У нас было много планов. Василий Макарович в последние годы очень пристально следил за театром. Он очень смешно говорил, что Ромм настолько воспитал в них уверенность, что театр вот-вот умрет, он настолько убедительно об этом говорил, что они каждый день все ждали, что вот проснутся однажды, а театра — нет, умер. А потом он понял, что дело это живое, и у нас стал созревать план создания своего театра. Смешно говорить об этом, но мы даже остановились на таком его рабочем названии — Русский национальный театр.

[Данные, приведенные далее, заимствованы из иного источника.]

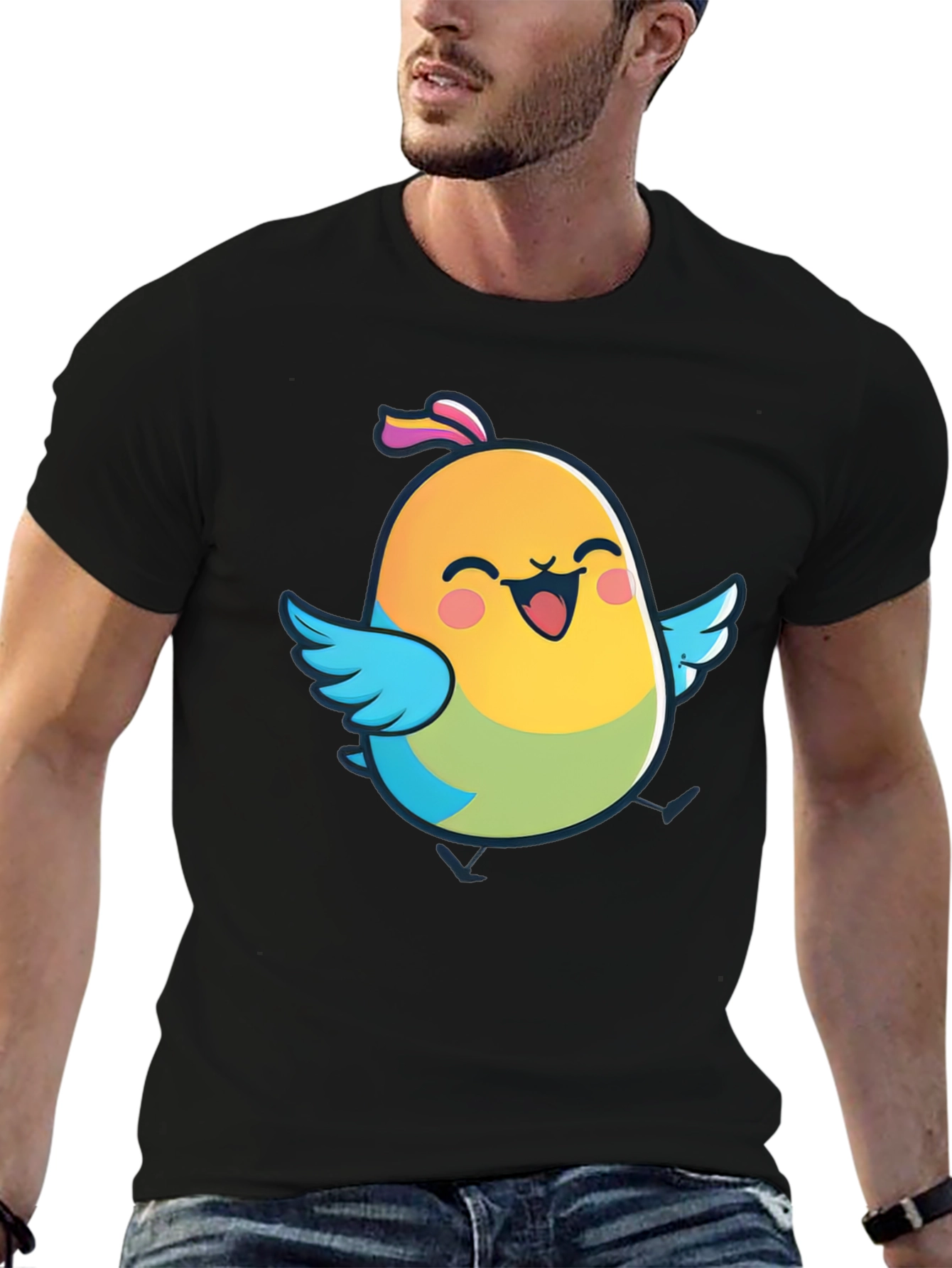 Cute Bird Graphic Black T-Shirt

Если говорить о том влиянии, которое он на меня оказал, то в первую очередь я должен сказать, что в результате наших встреч, в результате частого общения с ним я стал совершенно иначе относиться к крупным историческим личностям. Через него я понял, что такое Пушкин. Я понял, что такое масштаб личности, кто такой Пушкин, как ответственно он относился к каждому написанному им слову, как он не просто создавал литературный русский язык, а как он духовно цементировал нацию. И как он сам это понимал. Он понимал, что язык — это не просто образы и типы русского характера, а что язык — это как бы духовный центр нации. И как после Пушкина стала разрастаться вот эта духовная глыба. И вот через масштаб личности Шукшина я понял Пушкина. И Наполеона тоже. Все это разное, но вот масштаб личности дает возможность понимания этих сложных явлений.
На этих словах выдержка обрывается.